Saturday, 13 November 2010


Editing should feel like an old friend, standing by your side telling it like it is. And, just like most old friends, love 'em though we do, we don't want them there 24/7. They should drop in for a coffee and leave again before you have to hint you're busy. Ed's just the same. Although he knows he'll be needed even at the stage where ideas tumble about the brain, nudging each other aside in the hope they’ll get chosen, you honestly don't want him peering over your shoulder until you've got them all down in the raw.

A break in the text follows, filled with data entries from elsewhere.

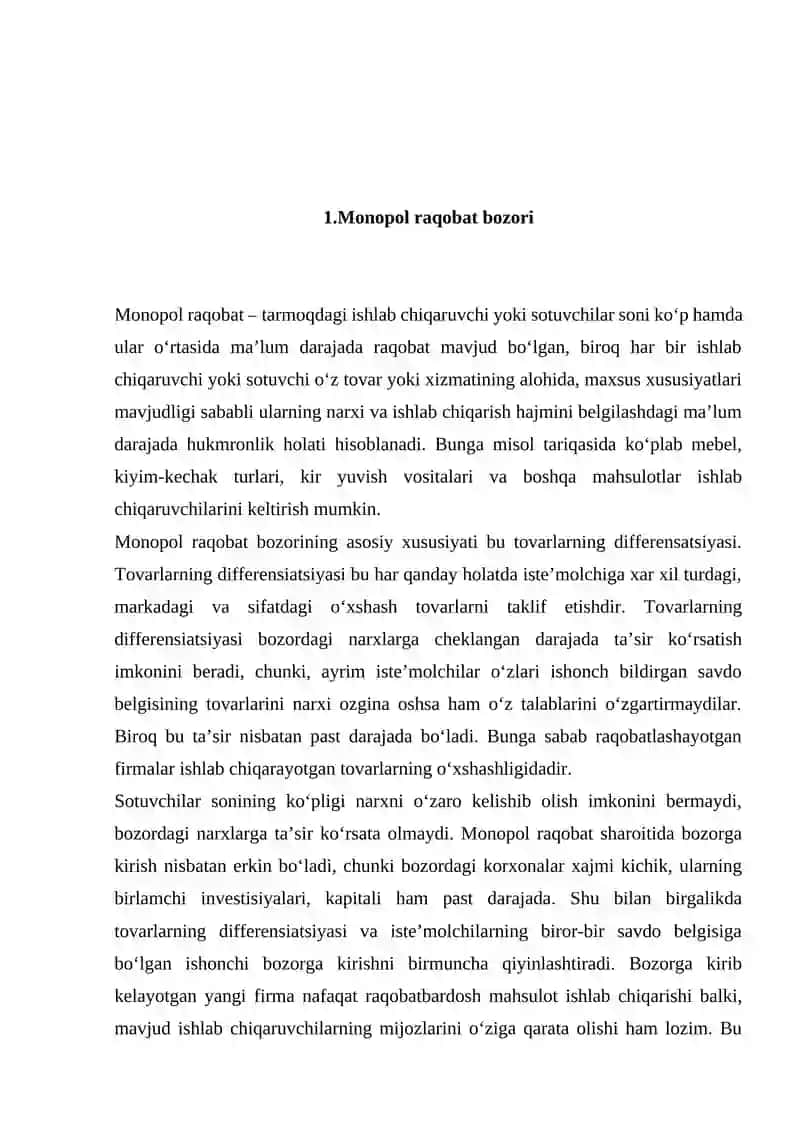 Raqobatlashgan monopol bozor, ustun jihatlari va kamchiliklari 2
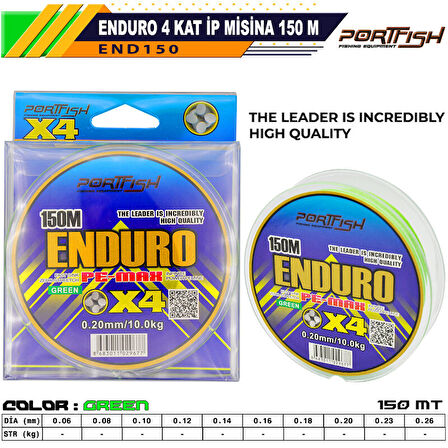 Portfish Enduro 4 Kat İp Misina 150 mt Yeşil 0,14mm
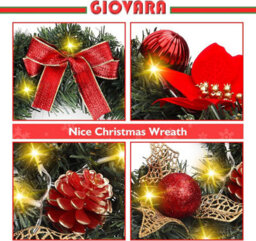 40Cm Christmas Wreath (Hanger Included), Artificial Door Wreath With 30 Led Lights And Hanger - thumbnail 6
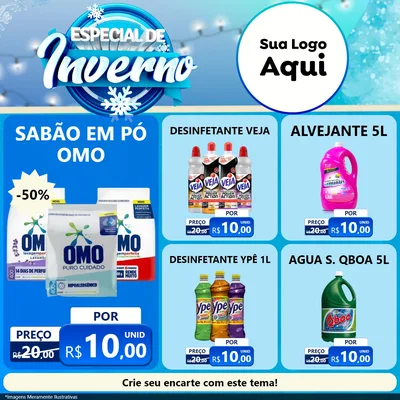 Modelo de Rede Social para Feed Facebook com o tema Especial de Inverno para Produtos de Limpeza
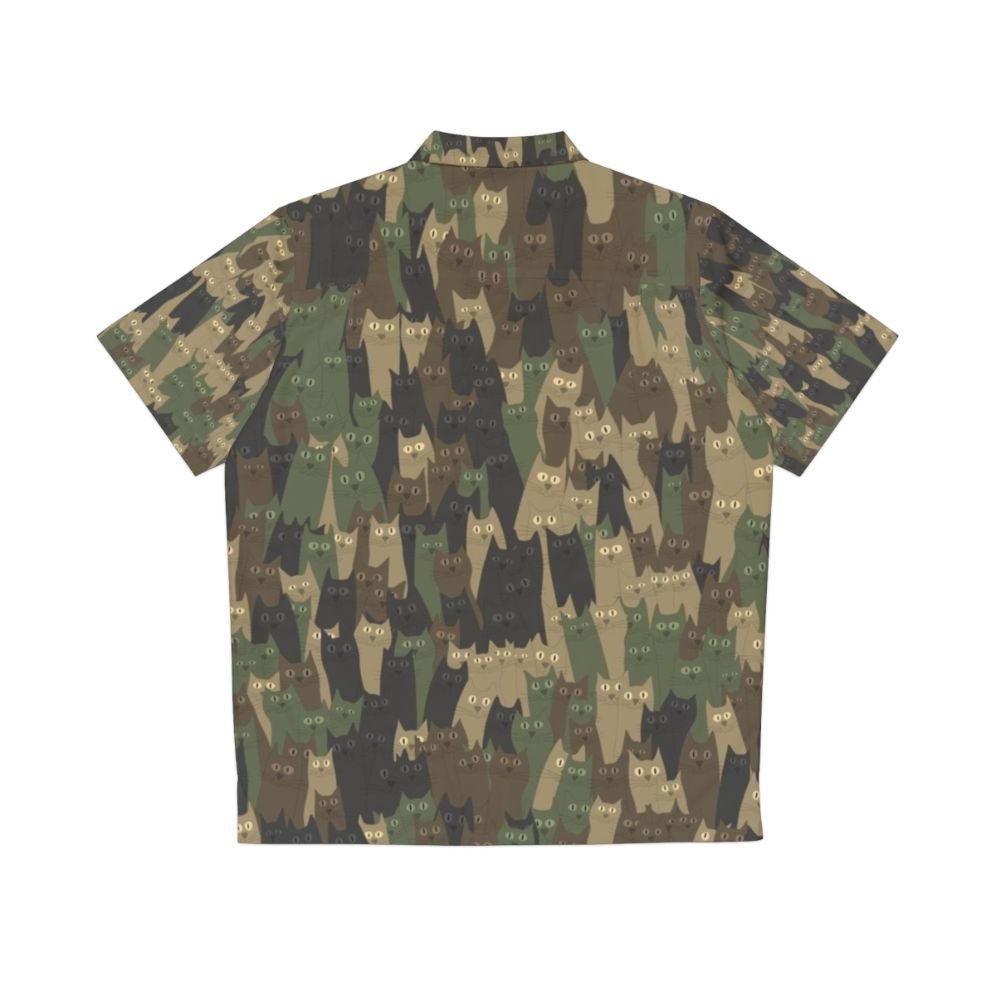 Camo Cats Hawaiian Style Shirt with Military Inspired Animal Print - Back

You're scribbling down every thought that comes - filling your notebooks, Word files, diaries, backs of till receipts - it's all pouring out, but there comes a time when you have to chose which of these bits and bods to develope. And there he is, Ed, whispering...‘chose the ones you think will work.’
With any luck, Ed will help you chose a workable idea, but it’s not going to flow out of you, word perfect.  So close the front door on him, or leave him mooching over his beer in the pub and get that first draft finished. Naturally, this draft has a ton of hitches. So when you've got a first draft down, give Ed a call, so that he can appear to give you a hand.

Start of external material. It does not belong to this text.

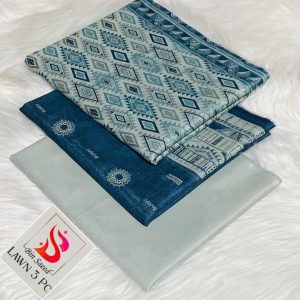 Bin Saeed Unstitched Zink Airjet 3 Piece Lawn Suit (Digital Printed)
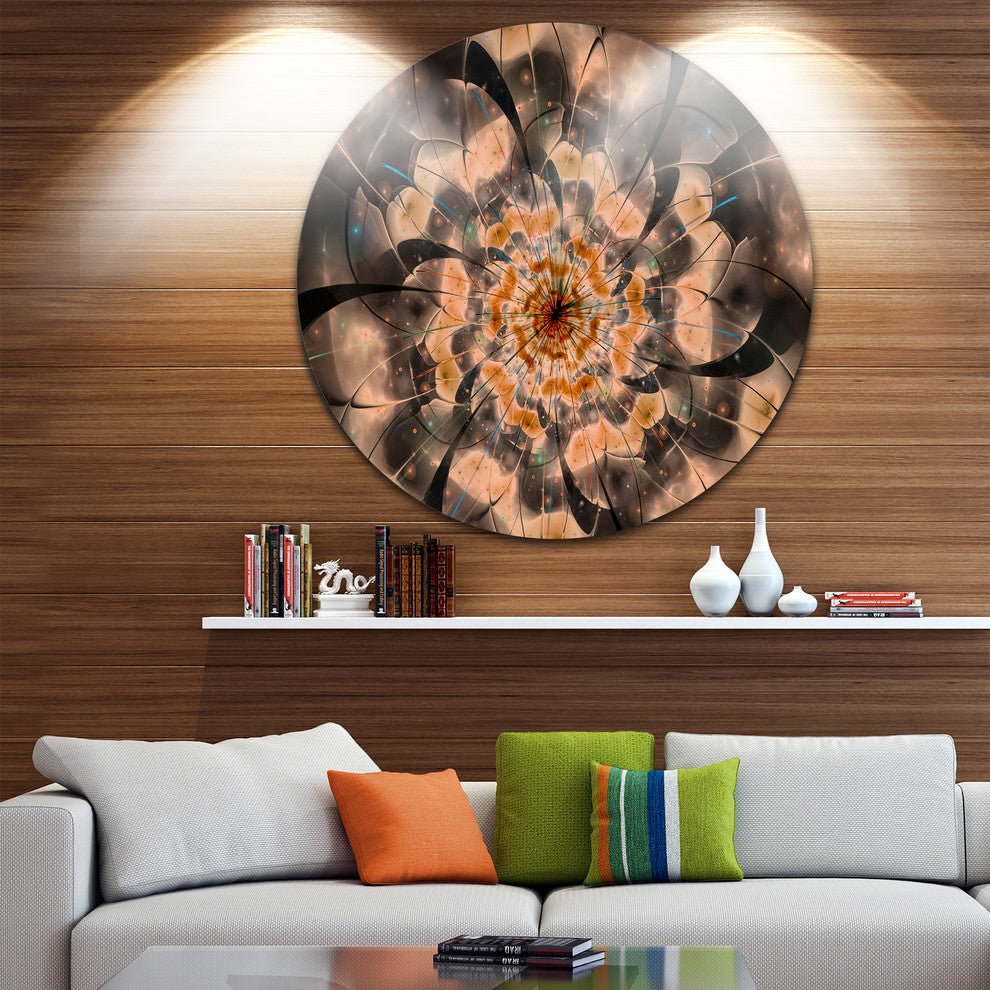 Brown Fractal Flower Petals Close-Up, Floral Round Wall Art, 23"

Sometimes I prefer to think of Ed as my friendly roadside breakdown mechanic, checking the brakes and the the plot going in the right direction? Do the characters’ motivations work? Have you got the right point of view? Sometimes – and I promise I’ll drop the analogy after this – you have to hang the expense go for a new model, because Ed is telling you this version is too costly to fix.

Finally, you have a good draft. ‘Don’t think,’ says Ed, ‘that all you have to do now is tinker – cross out adverbs...check for clichés. Dear me no.’
So you ask...should I have more or less dialogue? Should I have more or less scenes? Is there a strong narrative trajectory that pulls the reader along? Is my protagonist likeable – or at least intriguing? Do I use all five senses? Does the beginning jump up and bite? Does the middle sag? Does the end make you sigh?
Ed’s at your shoulder again. He’s reminding you to do that final proofread. Get rid of typos imbedded in the text.